• **Problem to work on**:
The response should consist of the data below, copied exactly, with no pictures in it.

• **Data block**:

*-*-*

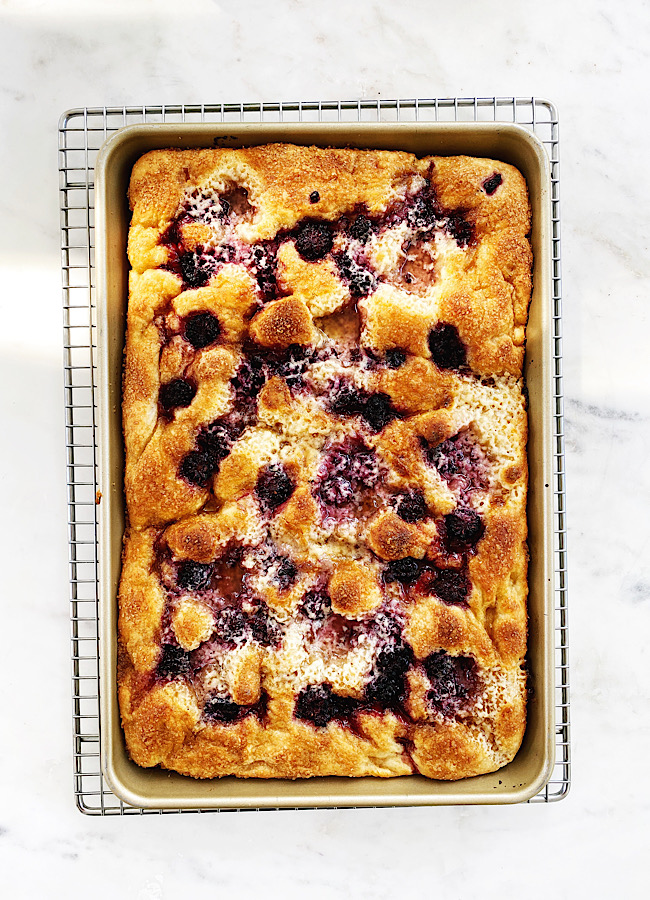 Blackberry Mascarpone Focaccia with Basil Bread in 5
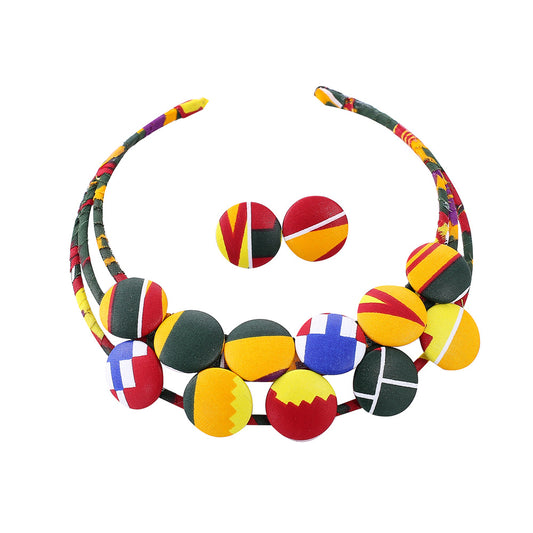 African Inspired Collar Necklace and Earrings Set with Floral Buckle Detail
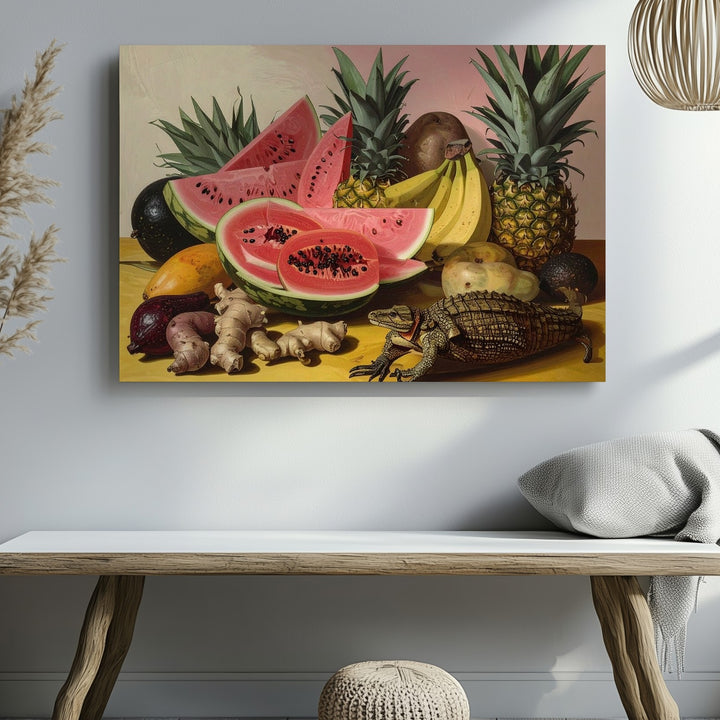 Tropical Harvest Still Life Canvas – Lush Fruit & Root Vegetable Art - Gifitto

*-*-*

• **Your solution**:
 Blackberry Mascarpone Focaccia with Basil Bread in 5
 African Inspired Collar Necklace and Earrings Set with Floral Buckle Detail
 Tropical Harvest Still Life Canvas – Lush Fruit & Root Vegetable Art - Gifitto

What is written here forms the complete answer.